GOAL OF THE EXERCISE - Output the line with "Cek Ingredients Premiere" and every line below it until the listing ends, exactly as written and with nothing added.

RECORDS TO PROCESS -

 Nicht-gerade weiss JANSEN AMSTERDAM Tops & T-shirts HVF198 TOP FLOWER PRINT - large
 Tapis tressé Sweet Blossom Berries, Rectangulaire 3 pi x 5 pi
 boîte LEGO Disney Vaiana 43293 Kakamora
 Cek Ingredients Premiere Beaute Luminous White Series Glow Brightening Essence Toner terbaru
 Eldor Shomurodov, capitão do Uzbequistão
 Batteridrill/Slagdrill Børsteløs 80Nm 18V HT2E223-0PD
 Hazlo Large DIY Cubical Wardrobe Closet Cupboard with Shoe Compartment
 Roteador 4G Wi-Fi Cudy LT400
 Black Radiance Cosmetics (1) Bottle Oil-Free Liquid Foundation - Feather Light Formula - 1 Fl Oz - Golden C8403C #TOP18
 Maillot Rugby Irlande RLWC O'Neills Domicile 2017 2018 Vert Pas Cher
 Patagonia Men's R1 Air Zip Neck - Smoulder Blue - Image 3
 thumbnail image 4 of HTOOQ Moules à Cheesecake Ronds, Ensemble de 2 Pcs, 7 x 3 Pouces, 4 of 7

RESPONSE FOR THIS EXERCISE -
 Cek Ingredients Premiere Beaute Luminous White Series Glow Brightening Essence Toner terbaru
 Eldor Shomurodov, capitão do Uzbequistão
 Batteridrill/Slagdrill Børsteløs 80Nm 18V HT2E223-0PD
 Hazlo Large DIY Cubical Wardrobe Closet Cupboard with Shoe Compartment
 Roteador 4G Wi-Fi Cudy LT400
 Black Radiance Cosmetics (1) Bottle Oil-Free Liquid Foundation - Feather Light Formula - 1 Fl Oz - Golden C8403C #TOP18
 Maillot Rugby Irlande RLWC O'Neills Domicile 2017 2018 Vert Pas Cher
 Patagonia Men's R1 Air Zip Neck - Smoulder Blue - Image 3
 thumbnail image 4 of HTOOQ Moules à Cheesecake Ronds, Ensemble de 2 Pcs, 7 x 3 Pouces, 4 of 7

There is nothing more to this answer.